Supplied material Block Start

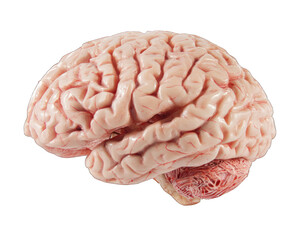 Human brain isolated on white background. Human brain anatomical model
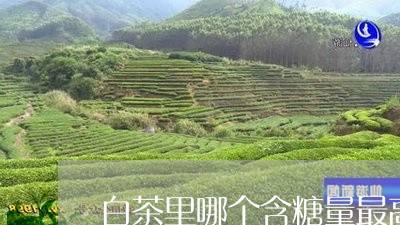 白茶里哪个含糖量最高/2023100731915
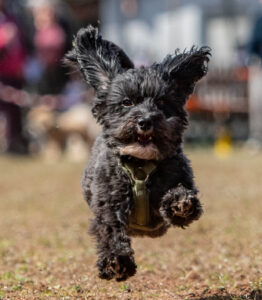 Foto Hund in Bewegung eingezäuntes Gelände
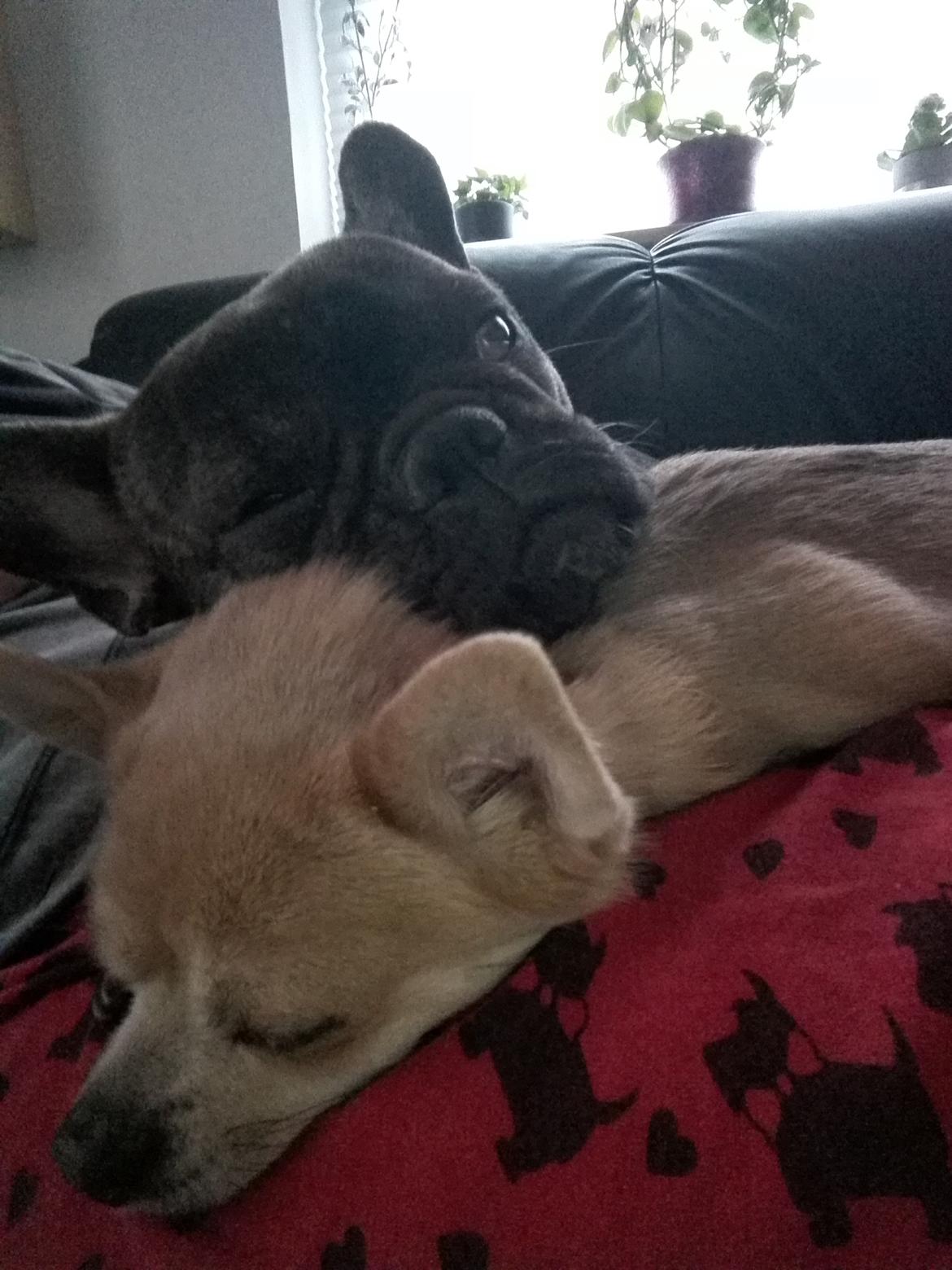 Fransk bulldog Molly billede 9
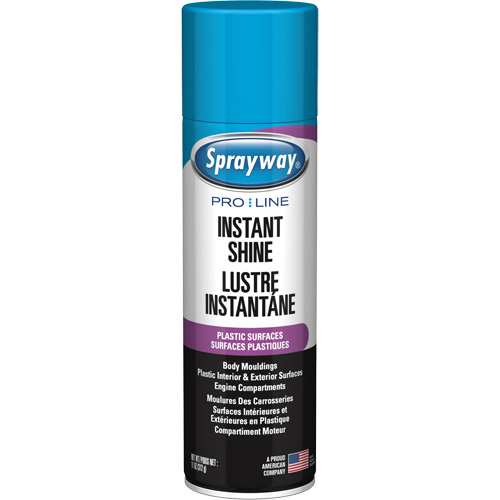 Brillant instantan&eacute; Pro Line pour surfaces en plastique, 11 oz, Canette a&eacute;rosol Distribution Élite MP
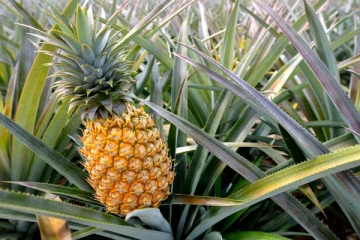 தினசரி அன்னாசிப்பழத்தை  உட்கொள்வதால் உண்டாகும் அற்புத பலன்கள் என்ன தெரியுமா?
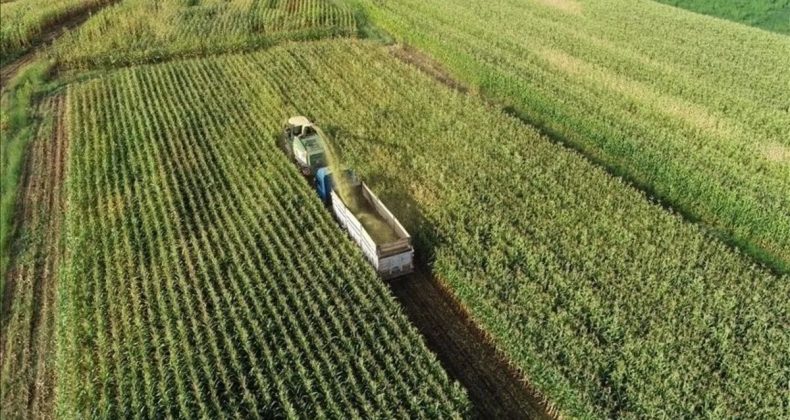 Tarım Sektörünü İlgilendiren Veriler Açıklandı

Supplied material Block End

* _Description of the task_
What is needed is a word-for-word copy of the lines from the one containing "Fransk bulldog Molly billede 9" through the final line of the records above, both included, with the pictures left out.

* _Expected answer_
 Fransk bulldog Molly billede 9
 Brillant instantan&eacute; Pro Line pour surfaces en plastique, 11 oz, Canette a&eacute;rosol Distribution Élite MP
 தினசரி அன்னாசிப்பழத்தை  உட்கொள்வதால் உண்டாகும் அற்புத பலன்கள் என்ன தெரியுமா?
 Tarım Sektörünü İlgilendiren Veriler Açıklandı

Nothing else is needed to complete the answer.